The publication Whatever happened to democracy? Eastern and Central Europe twenty years after is the outcome of the Central European Forum, which was held at the Pavol Országh Hviezdoslva Theatre in Bratislava in November 2009 to mark the 20th anniversary of Czechoslovakia’s Velvet Revolution. Therefore a platform for reflection was created, not only on what had happened in the intervening period, but also for a discussion of issues relating to the future of Central Europe.
At the Central European Forum, twenty-five major intellectual figures representing many countries, generations and experiences crossed intellectual swords and answered questions from the audience on issues ranging from dealing with common totalitarian heritage, the future of reforms and democracy in the midst of an economic crisis, Central Europe’s position between East and West as well as democracy fatigue, a phenomenon encountered throughout Europe.

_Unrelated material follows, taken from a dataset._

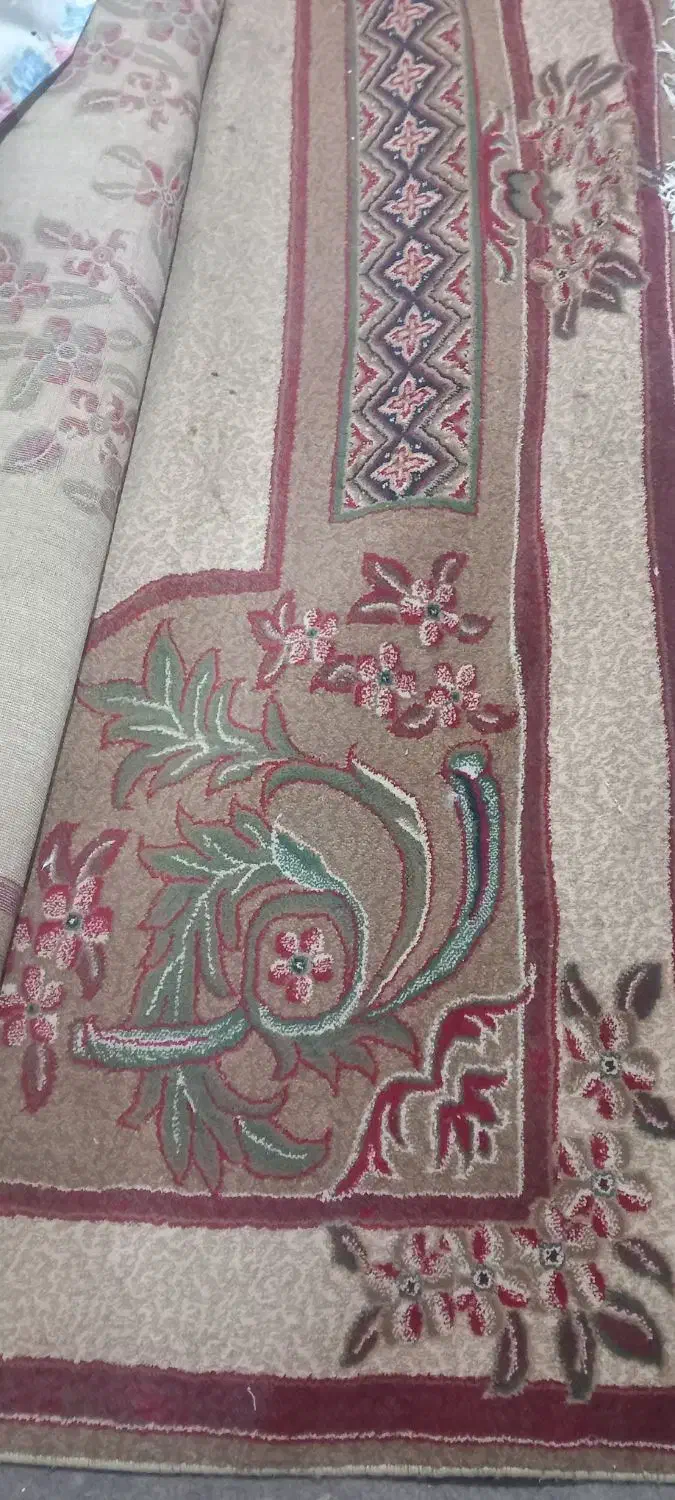 گلیم فرش ۱۲ متری|گلیم، جاجیم، گبه|ایلام, |دیوار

After Slavenka Drakulić’s opening speech at the Forum, Rudolf Chmel talked about the dangers of selfishness with special reference to Central Europe. The first panel discussed the question “Where does the West begin” , the second session of the forum focussed on the economic crisis and democracy, while the third panel “Totalitarian structures – a new lease of life” concentrated on the past, the hundreds of kilometres of secret policy files and how to deal with them. The fourth and last session was called “Democracy fatigue” and dealt with the great expectations of reinventing democracy in Central Europe.
Joana Radzyner, the Austrian ORF correspondent in the Czech Republic, filmed the entire conference and produced a 57 minute documentary for the Central European Forum.